Guided walkthrough · 5 minutes
Read a real transaction
The famous 10,000 BTC pizza payment, one field at a time. Scroll — the record on the left lights up as each step explains it.
Step 1 of 7
1 / 7
The hash is the citation
On 22 May 2010, 10,000 BTC bought two pizzas. Everything about that payment lives behind one identifier — the transaction hash. Quote it, and anyone in the world can pull up this exact record, today or in twenty years. No screenshot, no trust in us required.
2 / 7
Two explorers, one record
You never read the blockchain — you read an explorer's rendering of it. So the rule is: never rely on one. This record is identical on mempool.space and Blockchair, which are run by different operators. If they ever disagreed, the drill is to stop, not to pick the convenient number.
3 / 7
131 inputs — a wallet is not an account
The payer's 10,000 BTC didn't sit in a balance. It existed as 131 separate unspent outputs — mining rewards and small receipts — all consumed together in this one payment. That is how Bitcoin records value: a wallet is a collection of spendable pieces, not a number.
4 / 7
One output — and no change
Most Bitcoin payments create two outputs: the payment, plus change back to the payer. This one has exactly one, because the inputs happened to sum to the price. The commonest explorer misreading is calling a change output a second recipient — this transaction is the clean counter-example to memorise.
5 / 7
Block time, not human time
The record says block 57,043, timestamped 18:16:31 UTC. That timestamp was set by the miner, within protocol tolerance — it dates the block, not the moment a person clicked send. Cite it as the block timestamp and the statement stays exactly as strong as the ledger makes it.
6 / 7
Fiat is an annotation, not a fact
Was this a $41 purchase or a $700 million transaction?
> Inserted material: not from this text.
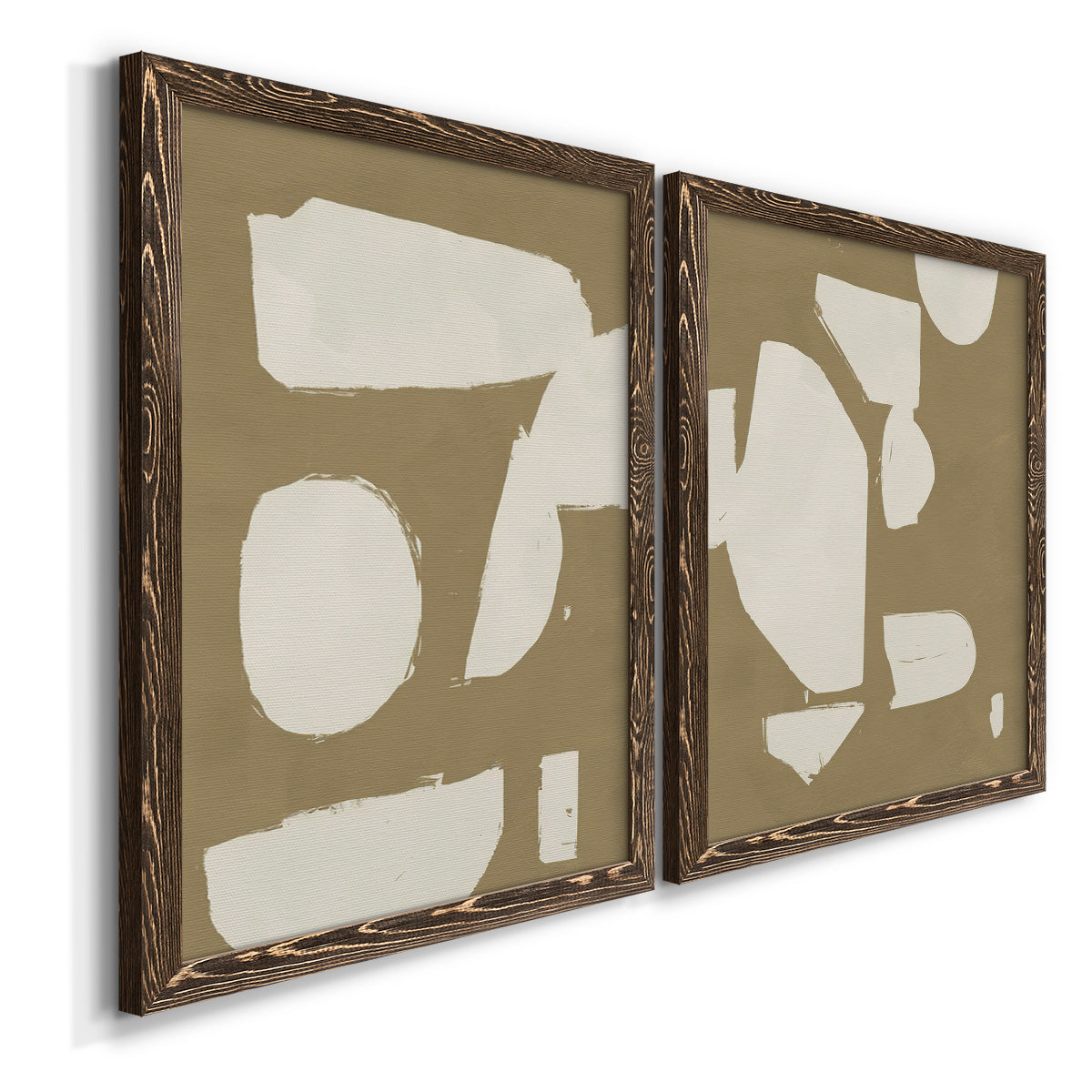 Angled view of a set of two walnut barnwood framed canvas prints featuring two bold minimalist shape abstracts featuring irregular white cutout-like shapes on taupe grounds.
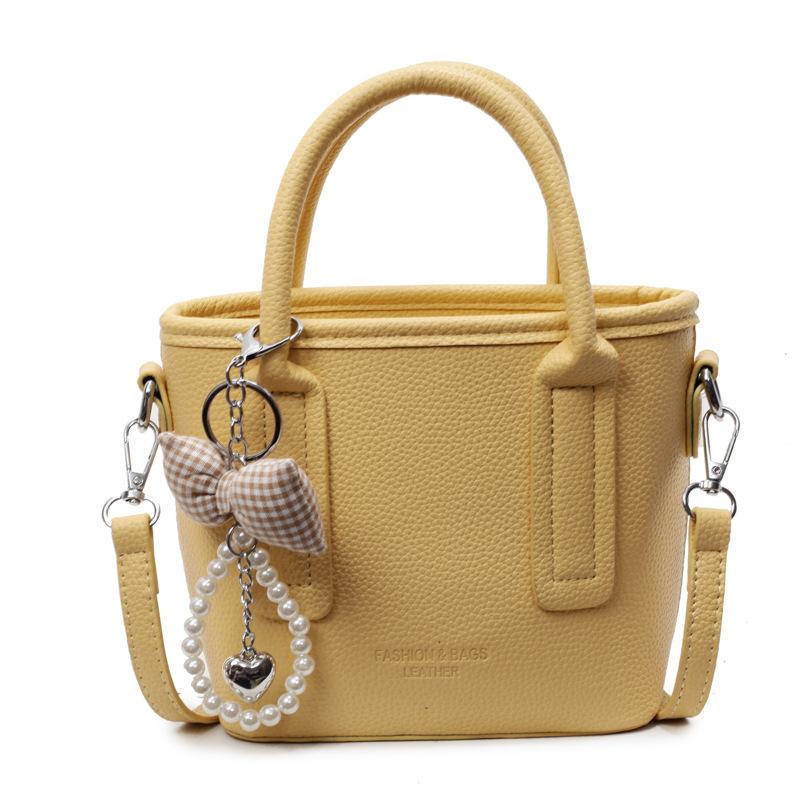 Spring and summer popular solid color simple high quality lychee pattern portable bucket bag women's fashion versatile commuter messenger bag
Both — at different dates. The ledger records 10,000 BTC, full stop. Any fiat figure is true only at a date and a source, so it belongs in an annotation carrying both, never in the factual layer.
7 / 7
The finished citation
Put together, the record reads: transaction a1075db5…d48d, Bitcoin mainnet, block 57,043, 2010-05-22 18:16:31 UTC, 131 inputs, single output of 10,000 BTC — read on mempool.space, corroborated on Blockchair. That sentence survives cross-examination. And it took five minutes.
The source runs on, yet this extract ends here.